How to dynamically build a new protobuf from a set of already defined descriptors?

Question

At my server, we receive Self Described Messages (as defined here... which btw wasn't all that easy as there aren't any 'good' examples of this in c++).

At this point I am having no issue creating messages from these self-described ones. I can take the FileDescriptorSet, go through each FileDescriptorProto, adding each to a DescriptorPool (using BuildFile, which also gives me every defined FileDescriptor).

From here I can create any of the messages which were defined in the FileDescriptorSet with a DynamicMessageFactory instanced with the DP and calling GetPrototype (which is very easy to do as our SelfDescribedMessage required the messages full_name() and thus we can call the FindMessageTypeByName method of the DP, giving us the properly encoded Message Prototype).

The question is how can I take each already defined Descriptor or message and dynamically BUILD a 'master' message that contains all of the defined messages as nested messages. This would primarily be used for saving the current state of the messages. Currently we're handling this by just instancing a type of each message in the server(to keep a central state across different programs). But when we want to 'save off' the current state, we're forced to stream them to disk as defined here. They're streamed one message at a time (with a size prefix). We'd like to have ONE message (one to rule them all) instead of the steady stream of separate messages. This can be used for other things once it is worked out (network based shared state with optimized and easy serialization)

Since we already have the cross-linked and defined Descriptors, one would think there would be an easy way to build 'new' messages from those already defined ones. So far the solution has alluded us. We've tried creating our own DescriptorProto and adding new fields of the type from our already defined Descriptors but got lost (haven't deep dived into this one yet). We've also looked at possibly adding them as extensions (unknown at this time how to do so). Do we need to create our own DescriptorDatabase (also unknown at this time how to do so)?

Any insights?

Linked example source on BitBucket.

Hopefully this explanation will help.

I am attempting to dynamically build a Message from a set of already defined Messages. The set of already defined messages are created by using the "self-described" method explained(briefly) in the official c++ protobuf tutorial (i.e. these messages not available in compiled form). This newly defined message will need to be created at runtime.

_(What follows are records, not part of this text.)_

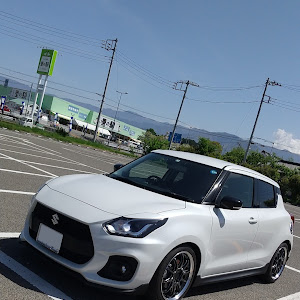 スイフトスポーツ ZC33S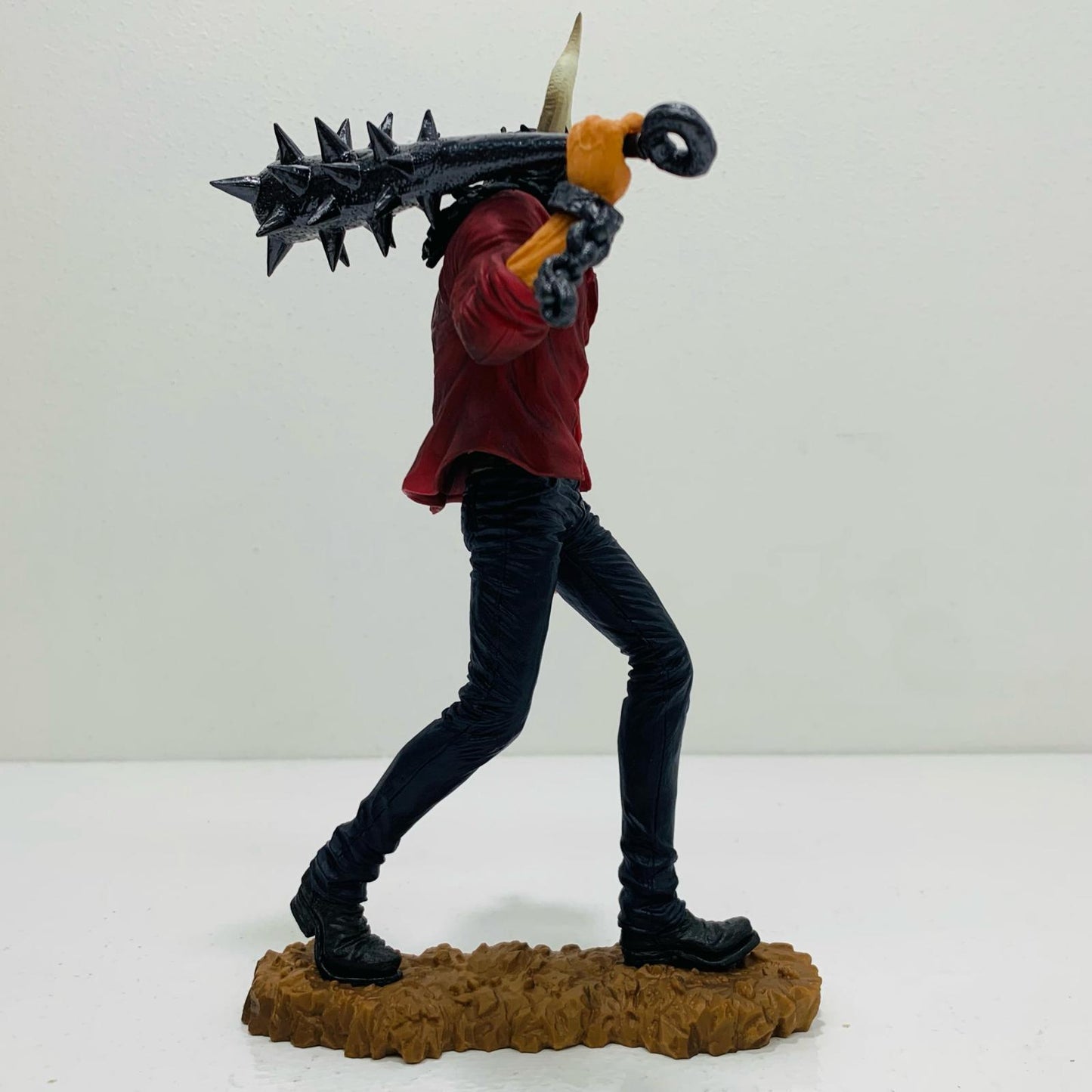 【中古】 'A賞/在りし日のカイドウ-魂豪示像-フィギュア「雷鳴への忠誠/一番くじワンピースEX」' ワンピース フィギュア 在りし日のカイドウ-魂豪示像- 一番くじ A賞【フィギュア】【飾磨店】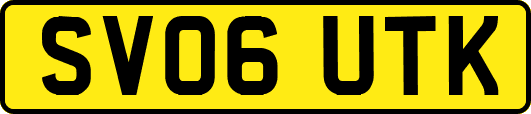 SV06UTK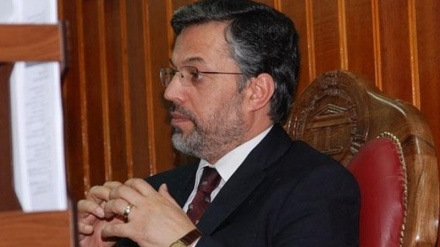 افغان امن کونسل کے نئے سربراہ کا انتخاب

Have tried using the straight Descriptors for each message and attempted to build a FileDescriptorProto. Have tried looking at the DatabaseDescriptor methods. Both with no luck. Currently attempting to add these defined messages as an extension to another message (even tho at compile time those defined messages, and their 'descriptor-set' were not classified as extending anything) which is where the example code starts.

wow... not even a comment... Here's where I'm at so far. This is the only one I have public source ... it obviously doesn't compile right now (all good up until the very end where the ExtensionSet is first created)... Trying to go the extensions route at the moment as the other two have failed me as of yet. http://goo.gl/VJhnk — g19fanatic, Aug 22 '12 at 03:26
The issue that I am having at the moment is in the initialization of the Extension Identifier. I need a class to point for the MessageTypeTraits to that of one that describes the message type (might have to do my own templateing magic?) but have been unsuccessful as of yet... — g19fanatic, Aug 22 '12 at 03:29
Honestly, I read your question 3 times, and still fail to understand what are you describing. I think this happens to most readers, that's why you didn't get a reply. You do need to simplify stuff. Also, it really feels like you're building something overcomplicated, where a much easier solution is possible. — Codeguard, Aug 22 '12 at 12:38
The description is basically as simple as it can get. The now included source is also a very stripped down version of what I am describing. I am certainly interested in suggestions towards an easier solution. — g19fanatic, Aug 22 '12 at 13:03
once you have deserialized a message using the prototype, what can you usefully do with it? A big if-else if-else if construction to figure out how to cast it back to the original type? — Managu, Aug 22 '12 at 15:12
we use it to keep state across different programs (shared IPC of sorts). This allows us to support any number of client programs without having to know the memory structure before hand. Each client 'registers' messages that it would like to receive/send and we update the current state from the client programs. The issue is when we are serializing the messages for storage or parsing them for state retrieval between sessions. We are able to do it serially like we currently are, just need to improve it to one defined message. — g19fanatic, Aug 22 '12 at 16:00
I would think your first approach (*"creating our own DescriptorProto and adding new fields of the type from our already defined Descriptors"*) would be the easiest. Can the `DescriptorPool` or the `DynamicMessageFactory` give you a list of messages? — Beta, Aug 22 '12 at 17:20
@Beta, this is the method that I was trying to do at first but think I was missing a small key piece... Any code suggestions? — g19fanatic, Aug 23 '12 at 20:21
I asked a [question on google groups](https://groups.google.com/forum/?fromgroups=#!topic/protobuf/4HHLcMy9EAQ) regarding this problem. If anyone can put together some example code within the next 22 hours of the suggested solution, I will award the bounty to that person. The answer that is below is not helpful. — g19fanatic, Aug 26 '12 at 01:53
@g19fanatic: Can you point me to a tutorial how-to use self-describing messages or explain to me how-to use a `FileDescriptorSet` to retrieve the comments for a message from a .proto file? I don't get it after reading the official document. I think it is the correct approach to solve my problem described here: http://stackoverflow.com/questions/32742601/reading-comments-from-proto-files-using-a-protocol-buffers-descriptor-object — Florian Wolters, Sep 24 '15 at 11:41

score 6 · Answer 1 · edited Apr 17 '14 at 01:38

you need a protobuf::DynamicMessageFactory:

{
  using namespace google;

  protobuf::DynamicMessageFactory dmf;
  protobuf::Message* actual_msg = dmf.GetPrototype(some_desc)->New();

  const protobuf::Reflection* refl = actual_msg->GetReflection();

  const protobuf::FieldDescriptor* fd = trip_desc->FindFieldByName("someField");
  refl->SetString(actual_msg, fd, "whee");

  ... 

  cout << actual_msg->DebugString() << endl;
}

score 5 · Accepted Answer · answered Aug 22 '12 at 18:09

I was able to solve this problem by dynamically creating a .proto file and loading it with an Importer.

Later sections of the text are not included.